It doesn't blow, it sucks

Windfarm operator the Renewable Energy Generation Group has blamed "abnormally low wind speeds" across the UK for greater-than-expected losses.

The, er, REG Group acquired Cornwall Wind and Power in 2005, and now operates 10 wind power sites with a (theoretical) capacity of 41.15MW. It is quoted on AIM, the London Stock Exchange's international market for smaller growing companies.

Broken windmill

picture credit: sota-k

Losses before tax rose to £1.9m, up from £400,000 in the corresponding six-month period a year ago. In a statement, it blamed "abnormally low wind speeds" for "over £1m of lost EBITDA". The full results are here.

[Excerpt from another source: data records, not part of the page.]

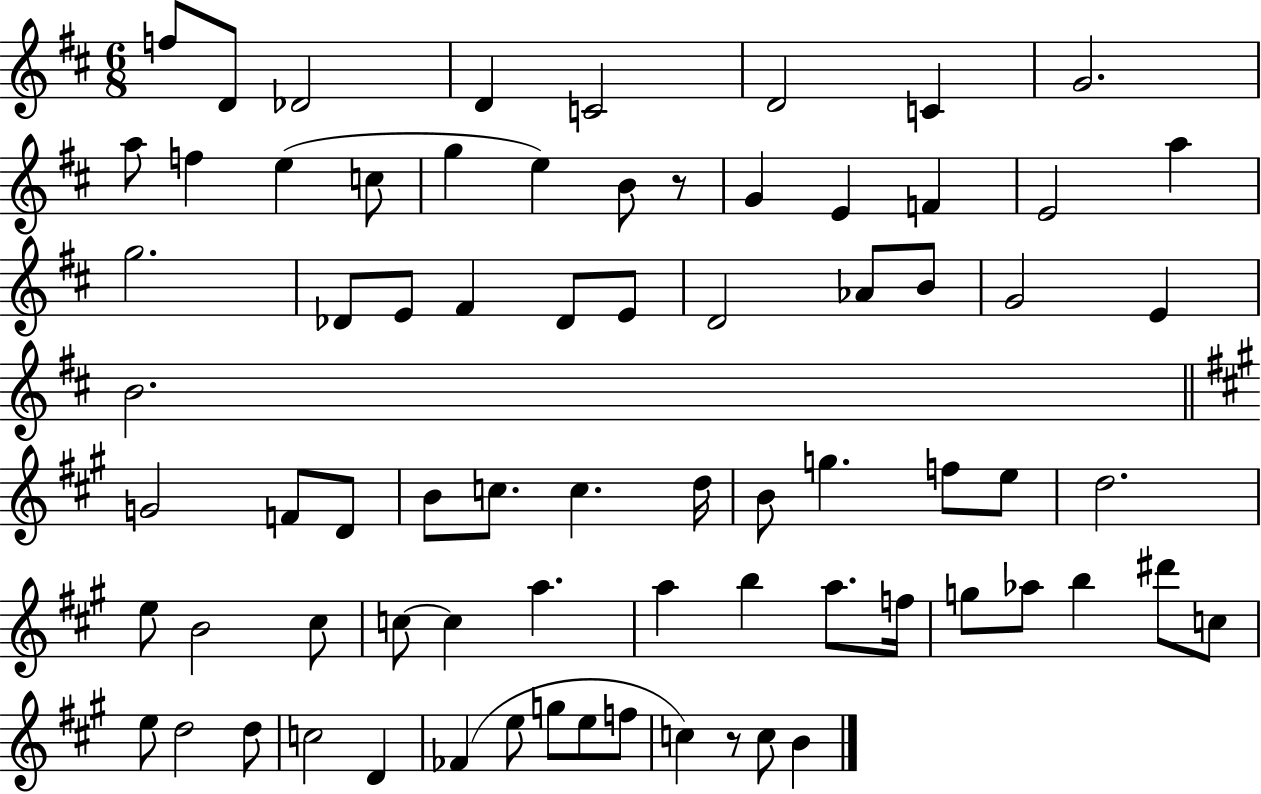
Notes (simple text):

F5/e D4/e Db4/h D4/q C4/h D4/h C4/q G4/h. A5/e F5/q E5/q C5/e G5/q E5/q B4/e R/e G4/q E4/q F4/q E4/h A5/q G5/h. Db4/e E4/e F#4/q Db4/e E4/e D4/h Ab4/e B4/e G4/h E4/q B4/h. G4/h F4/e D4/e B4/e C5/e. C5/q. D5/s B4/e G5/q. F5/e E5/e D5/h. E5/e B4/h C#5/e C5/e C5/q A5/q. A5/q B5/q A5/e. F5/s G5/e Ab5/e B5/q D#6/e C5/e E5/e D5/h D5/e C5/h D4/q FES4/q E5/e G5/e E5/e F5/e C5/q R/e C5/e B4/q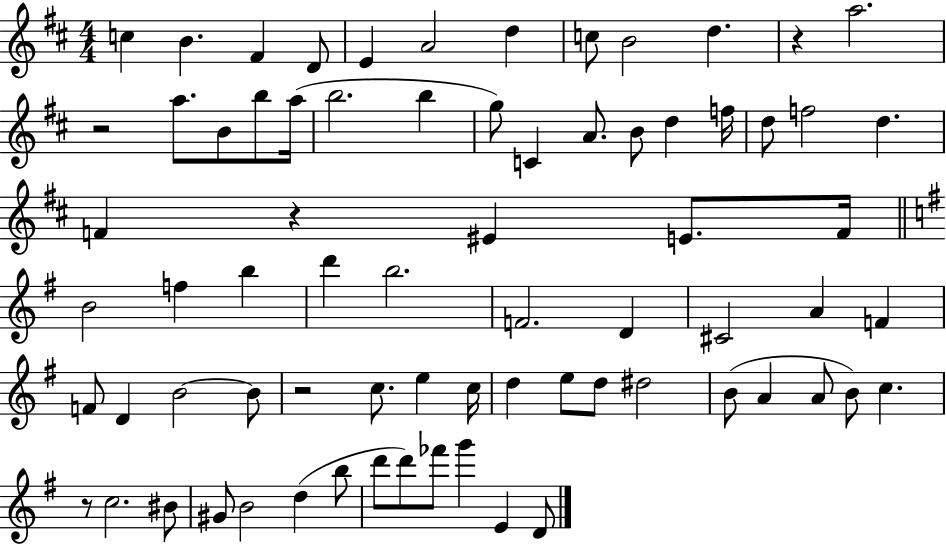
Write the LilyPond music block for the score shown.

{
  \clef treble
  \numericTimeSignature
  \time 4/4
  \key d \major
  c''4 b'4. fis'4 d'8 | e'4 a'2 d''4 | c''8 b'2 d''4. | r4 a''2. | \break r2 a''8. b'8 b''8 a''16( | b''2. b''4 | g''8) c'4 a'8. b'8 d''4 f''16 | d''8 f''2 d''4. | \break f'4 r4 eis'4 e'8. f'16 | \bar "||" \break \key g \major b'2 f''4 b''4 | d'''4 b''2. | f'2. d'4 | cis'2 a'4 f'4 | \break f'8 d'4 b'2~~ b'8 | r2 c''8. e''4 c''16 | d''4 e''8 d''8 dis''2 | b'8( a'4 a'8 b'8) c''4. | \break r8 c''2. bis'8 | gis'8 b'2 d''4( b''8 | d'''8 d'''8) fes'''8 g'''4 e'4 d'8 | \bar "|."
}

Despite the bullish statements, the wind industry remains vulnerable on Government kindness, in the shape of feed-in tariffs (FITs). FITs are a form of wholesale price-fixing, introduced to stimulate investment in new energy sources. If consumers' desire for cheap energy was allowed to be met by the market, it would lift millions of poor people out of fuel poverty. But then wind farms wouldn't be economical at all.

It's a uniquely inefficient technology. Windmills must be shut down if the wind blows too hard. And, quite often during the December cold snap, wind plants used more electricity than they generated – just when the electricity was needed the most. (Electricity is drawn from the grid for yaw control, lighting, de-icing, pumps and to power the control mechanisms.)

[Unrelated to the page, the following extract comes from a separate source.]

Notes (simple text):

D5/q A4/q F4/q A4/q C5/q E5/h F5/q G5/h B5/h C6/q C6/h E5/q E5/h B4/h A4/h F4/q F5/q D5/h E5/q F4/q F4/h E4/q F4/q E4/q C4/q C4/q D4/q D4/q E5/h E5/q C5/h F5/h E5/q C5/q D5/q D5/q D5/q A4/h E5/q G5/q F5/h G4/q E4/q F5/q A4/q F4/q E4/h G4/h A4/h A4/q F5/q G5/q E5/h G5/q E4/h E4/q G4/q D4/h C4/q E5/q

The current UK FIT schedule – introduced in 2009 – sees solar, not wind, as the most-specially-favoured: with 43.3p per kWh guaranteed (for retrofitted small installations). But wind isn't far behind at 36.2 per kWh for small installations and 28p for larger ones. These are the highest in the EU, nine times higher than Denmark. The wholesale spot market only very rarely exceeds such numbers, meaning that for most of the time consumers pay more than they should.

This generosity can't go on forever. All across the EU, subsidies and sweeteners are being pulled. Germany, Spain, France, Slovakia and the Czech Republic have scaled back their FITs. Last month, the government indicated that it would too, announcing a review of solar FITs for large solar installations (large is relative here, meaning greater than 50kWh). Two major investors that favoured solar have pulled out of the market: Ingenious Media and Matrix.

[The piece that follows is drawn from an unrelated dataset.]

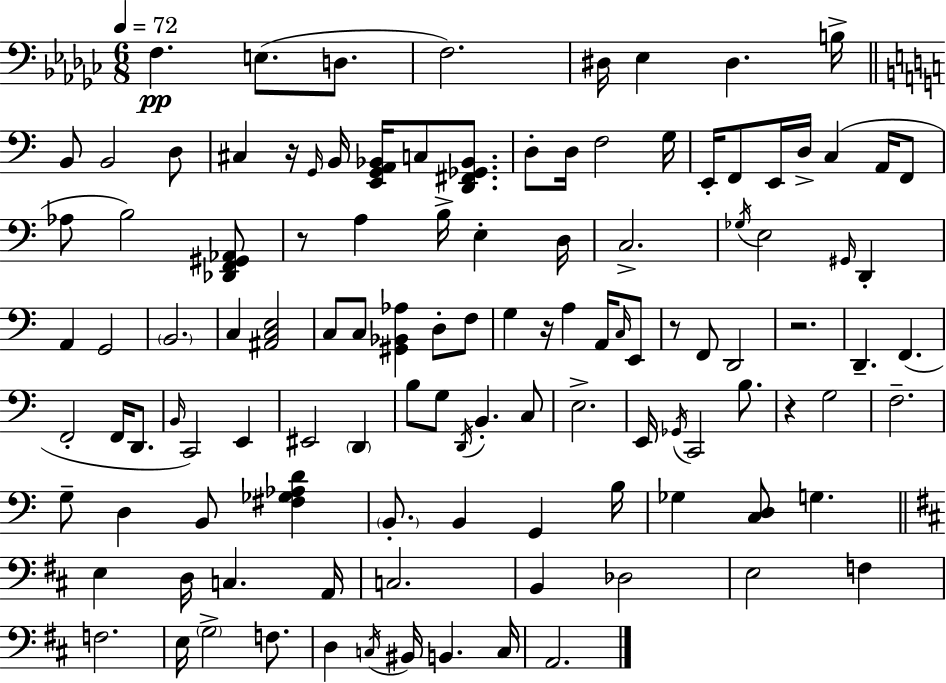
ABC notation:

"Suddenly the rug has been pulled," observed CEO of eco-energy Good Energy Group plc.

Yet even as a method of reducing CO2 emissions, wind remains singularly hopeless. Denmark has been the biggest European investor in wind energy, yet still gets half of its electricity from coal-fired power stations – as much as it did before. When the wind blows correctly, Denmark is able to reduce the energy it imports from Norway's highly flexible hydro-powered network. So it simply swaps one renewable for another – at some considerable cost.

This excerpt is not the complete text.